Hey @hidmic! Thanks for bringing it up.
So, what’s the proposal? If I understand you correctly, your theory is that rosidl is responsible for a significant part of the gap between ROS 2 and other frameworks, which seems plausible to me, but what part should we change?
Are the C/C++ data structures generated from the type definitions the problem that needs to be addressed? (e.g. rosidl/rosidl_generator_cpp/resource/msg__struct.hpp.em at 30877f52f5f19902bedb89f67bf4bafb2c6eae12 · ros2/rosidl · GitHub for C++?)
Or is it the need to do zero-copy?
Of course these things are related, but I’m trying to understand what we could concretely do to improve this. I think zero-copy between processes using the same language is possible (https://docs.ros.org/en/humble/How-To-Guides/Configure-ZeroCopy-loaned-messages.html) using loaned messages and even with the standard rosidl c++ structs if you’re using plain old data (no strings or sequences). To do this between different languages you would need something like flatbuffers. And if you want to use something like flatbuffers or capnproto or the like, then I think you could do that by adding additional rosidl generators. We have an “official” one for python that provides simple Python objects similar to the ones in ROS 1 based on the message definition, you could have additional ones for C++ and Python that present different data structures (think #include “sensor_msgs/msg_flatbuffer/image.hpp rather than #include “sensor_msgs/msg/image.hpp. That would allow users to use these other data structures for any user defined message type, but if you want it to be very efficient then the middleware needs to understand these new types, otherwise you’re limited to copying from your preferred user facing type to the type the middleware understands or serializing it to the wire format that the middleware understands, neither of which are particularly efficient nor do they lend themselves to zero-copy.
But even in those cases you’d still have the rosidl pipeline (type definitions → machine readable type definition → language or serialization library specific code).
It looks like you’ve avoided the need for a new rosidl_generator_flatbuffer-like packages in your flatros2 PoC by using some reflection (a la flatros2/flatros2/include/flatros2/message.hpp at 8a8ad51ffbe363c8e4d8909b548de075d4b26ceb · Ekumen-OS/flatros2 · GitHub) and you’re using rosidl_typesupport_introspection_cpp to handle support in the middleware, which is nice because it’s above the rosidl/rmw level mostly.

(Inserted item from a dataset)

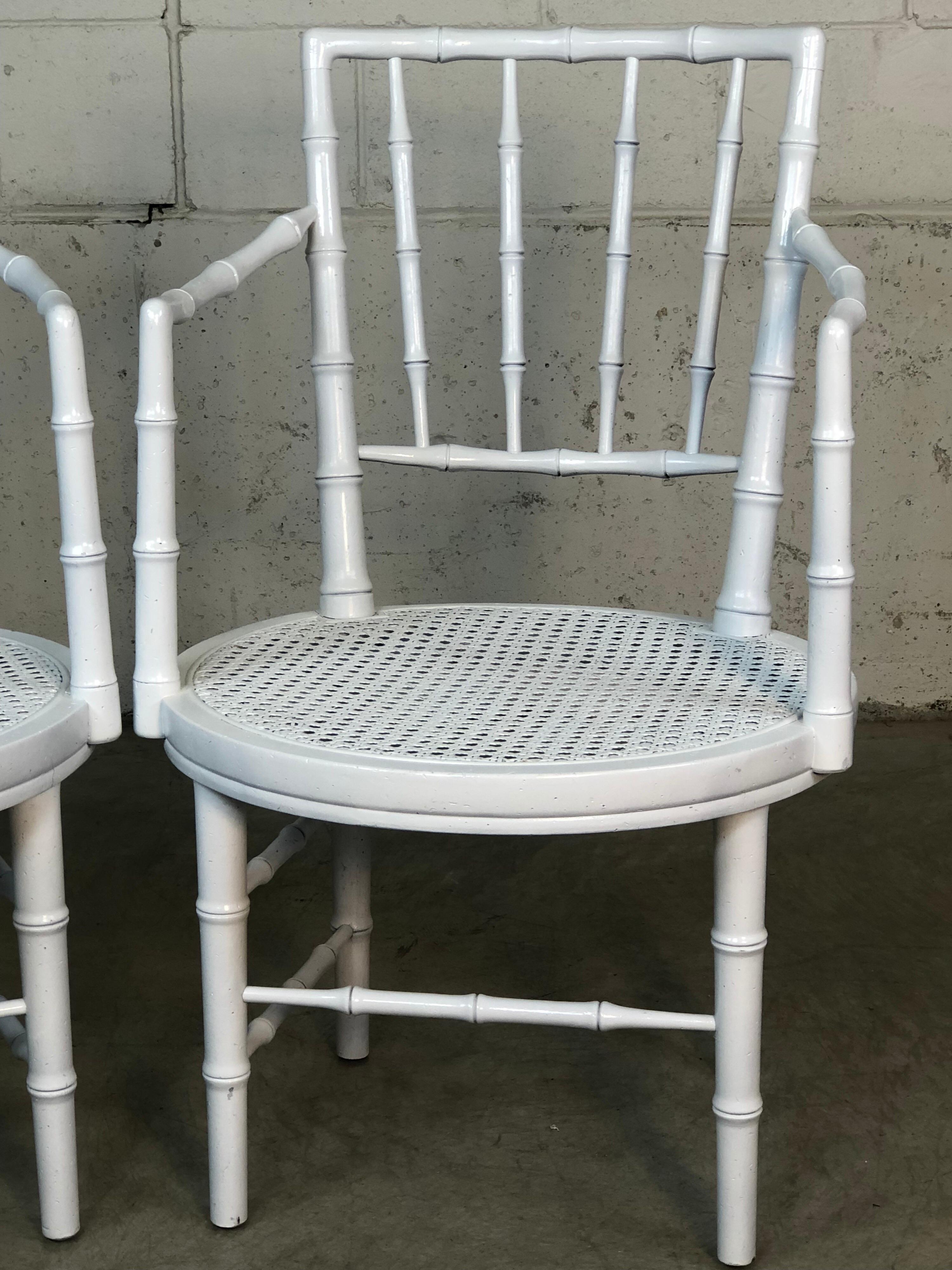 Mid-Century Modern 1960s Faux Bamboo Campaign Style White Chairs, Pair For Sale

However, to gain more optimizations, or for a marshaling library like protobuf or arrow (or even to use flatbuffer better), you’d probably want some build-time step, which is where a rosidl_generator_cpp_X/rosidl_runtime_cpp_X/rosidl_typesupport_cpp_X like set of packages would come in. With that in mind, I guess I don’t know which parts of rosidl need to change, because it seems like, at least in theory, it should be possible to solve these performance problems.
So is the proposal just to build some of the packages I described above, or is it to change the “rosidl pipeline” somehow? Or is the conversation more about changing the defaults in some of these cases, in addition to building the alternatives in the first place?
Maybe the answer is just making what we have better? For example, I believe (someone correct me if I’m wrong) the dora-rs benchmarks are comparing against rclpy? If that’s the case then we could possibly make rclpy’s story better by having a rosidl_typesupport_XYZ_py set of packages, so the middlewares could handle PyObject * directly from our user’s Python code. Right now we have to convert from the PyObject * to our C-style struct for the message before handing it to the middleware via rcl_publish()/rcl_take*(), which is very inefficient, especially for large data structures like images and pointclouds. Even though we’ve tried to improve the performance there using optimizations and things like numpy.
I hope so too, and there’s a REP for how to do this, it just needs resources. And I personally believe the strategy in what was proposed as REP-2011 is a “yes, and” for the idea of alternative serialization libraries, as I believe it complements features that people already use to evolve types (like optional fields), in most libraries I’ve studied at least.
Curious to see what you and others think.